What is expected: Pictures are to be dropped from the copy. Retype the listing exactly.

Input data:
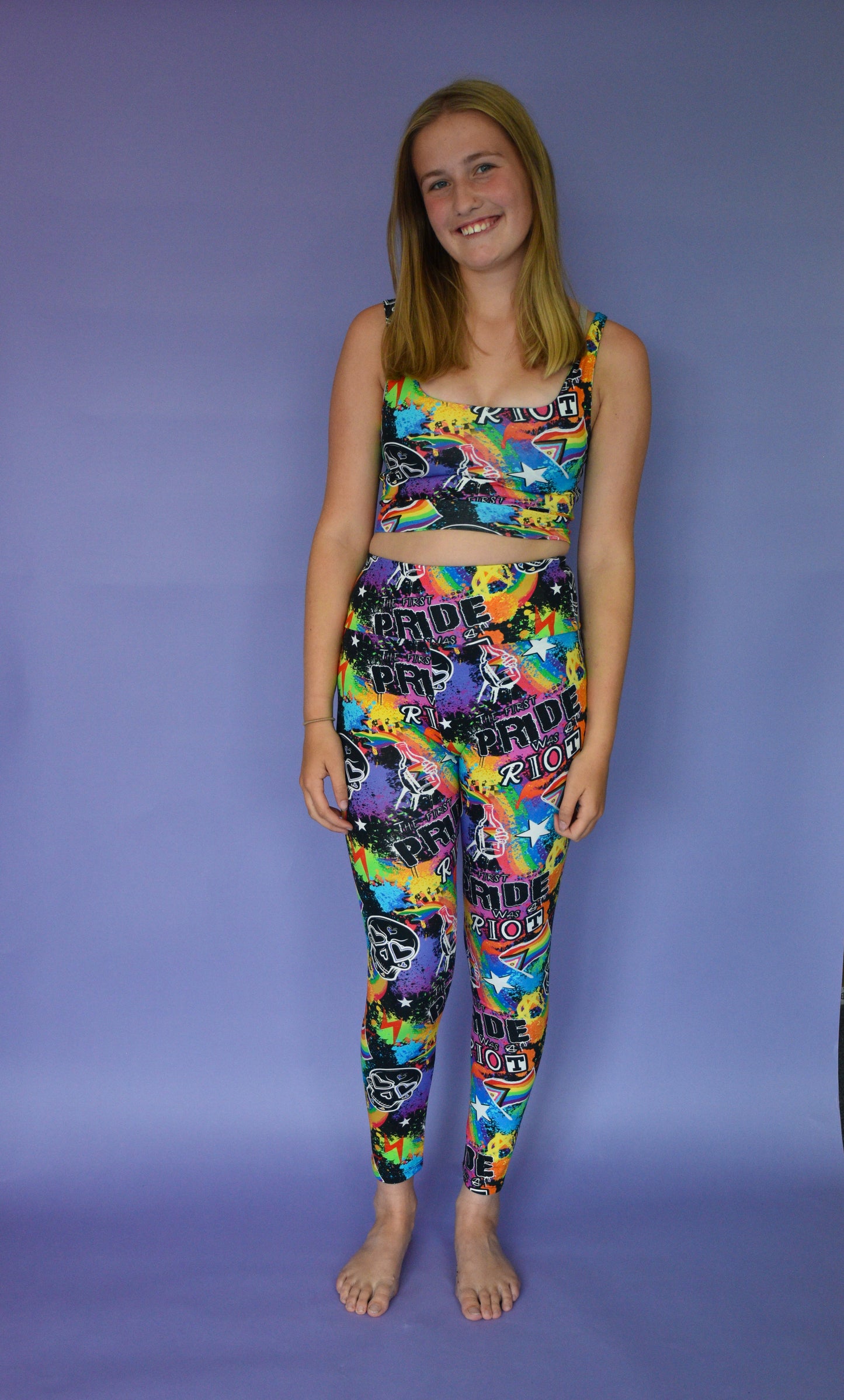 Pre Made Comfy Adult Leggings - The First Pride was a Riot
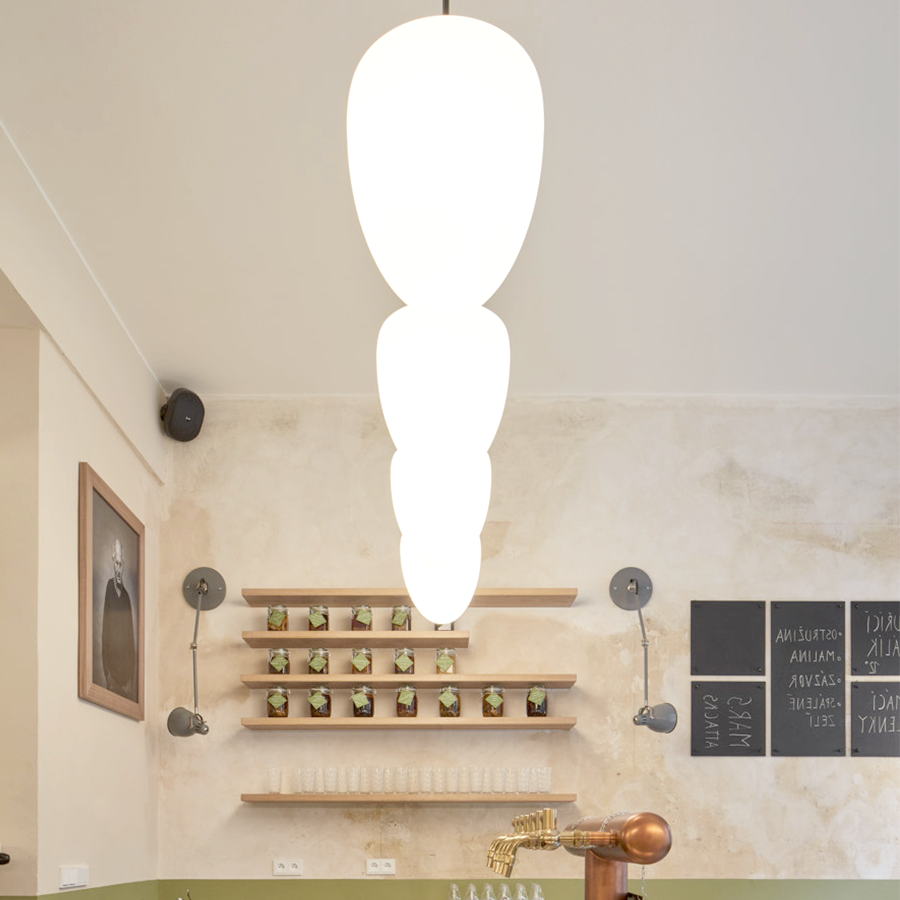 ACORN PENDANT BRASS 350mm - GLASS PENDANTS - DYKE & DEAN  - Homewares | Lighting | Modern Home Furnishings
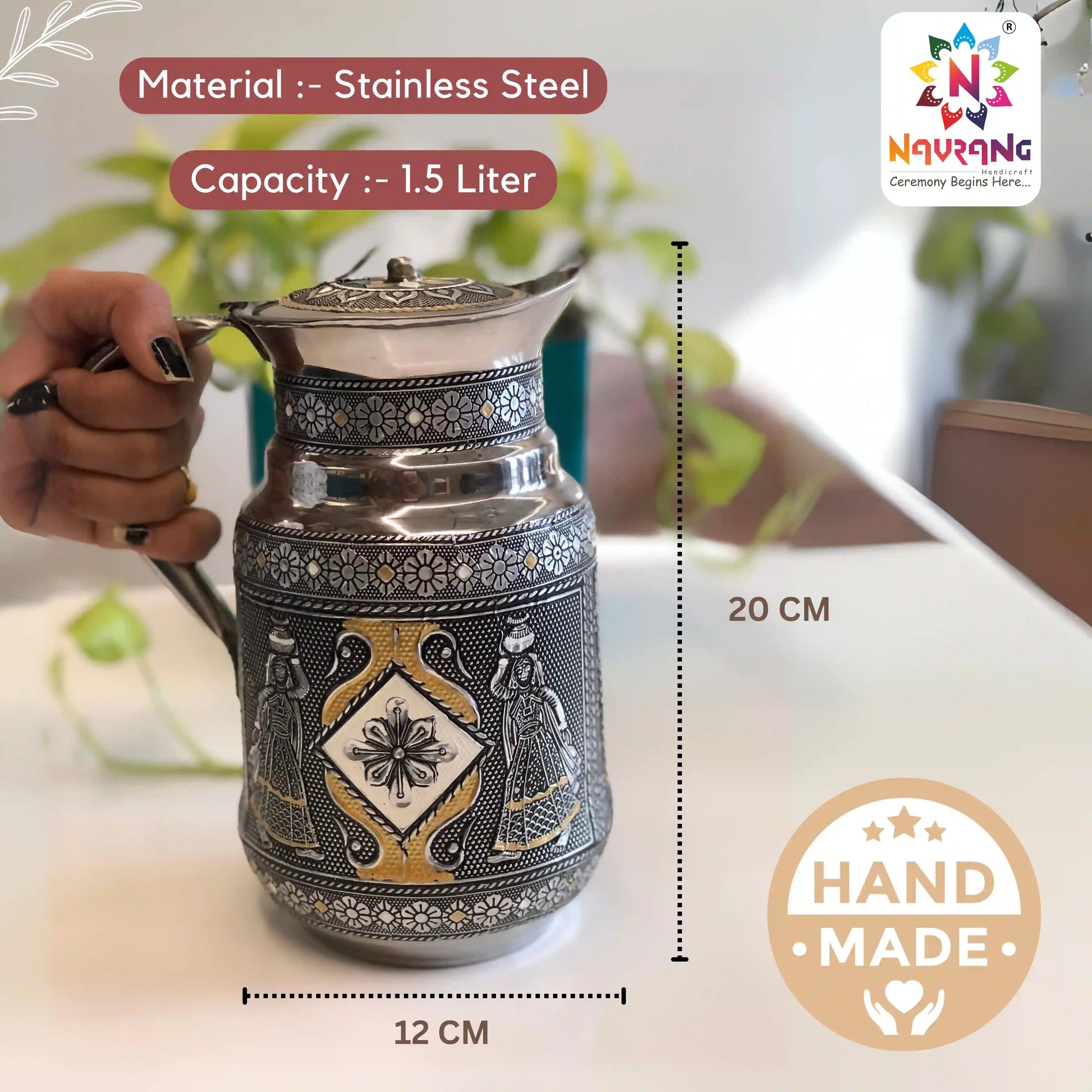 1.5 L Stainless Steel Water Jug | Durable Jug for Home & Kitchen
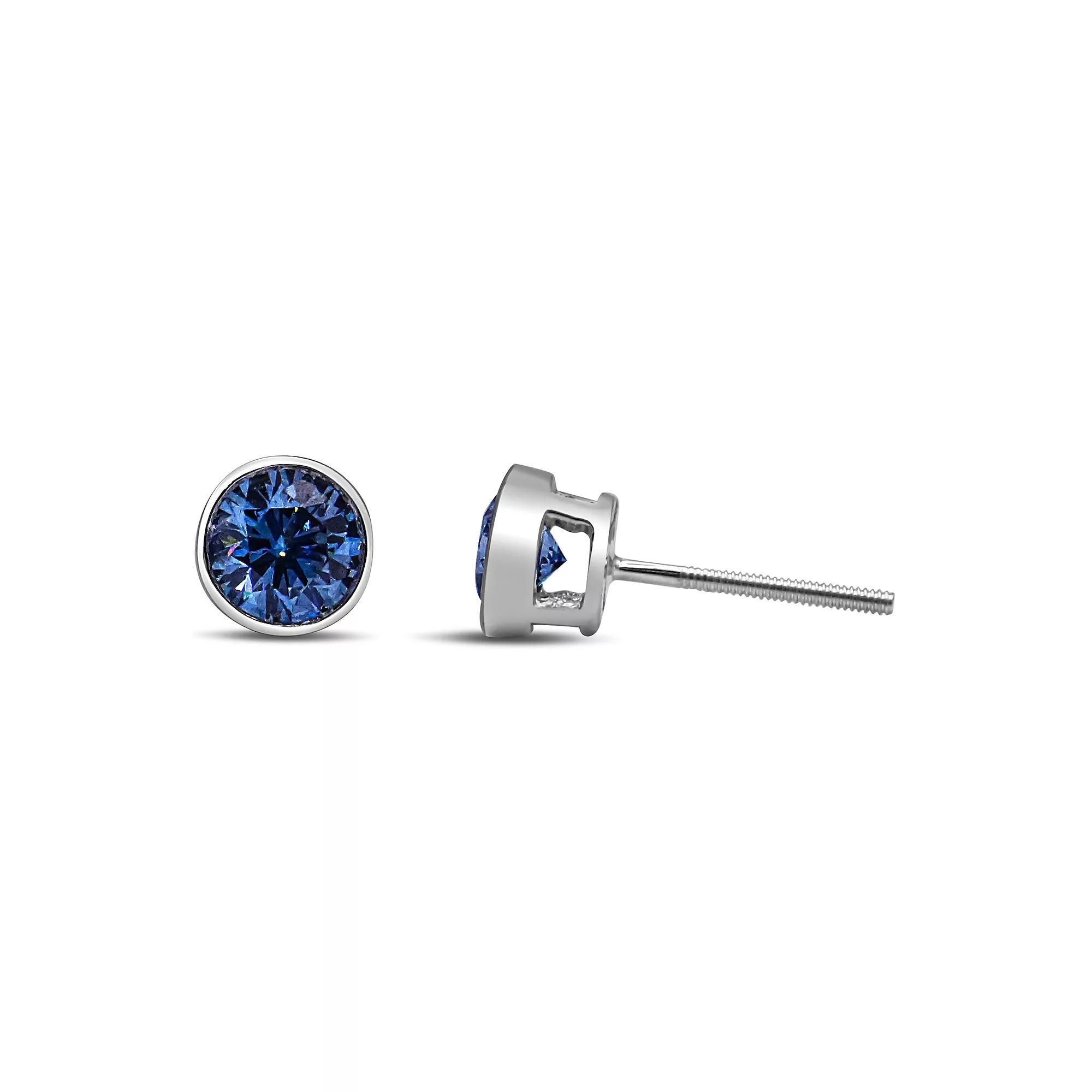 Haus of Brilliance 14k White Gold 1 Carat T.W. Lab-Grown Blue Diamond Solitaire Stud Earrings, Women's Product Image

Answer for this exercise:
 Pre Made Comfy Adult Leggings - The First Pride was a Riot
 ACORN PENDANT BRASS 350mm - GLASS PENDANTS - DYKE & DEAN  - Homewares | Lighting | Modern Home Furnishings
 1.5 L Stainless Steel Water Jug | Durable Jug for Home & Kitchen
 Haus of Brilliance 14k White Gold 1 Carat T.W. Lab-Grown Blue Diamond Solitaire Stud Earrings, Women's Product Image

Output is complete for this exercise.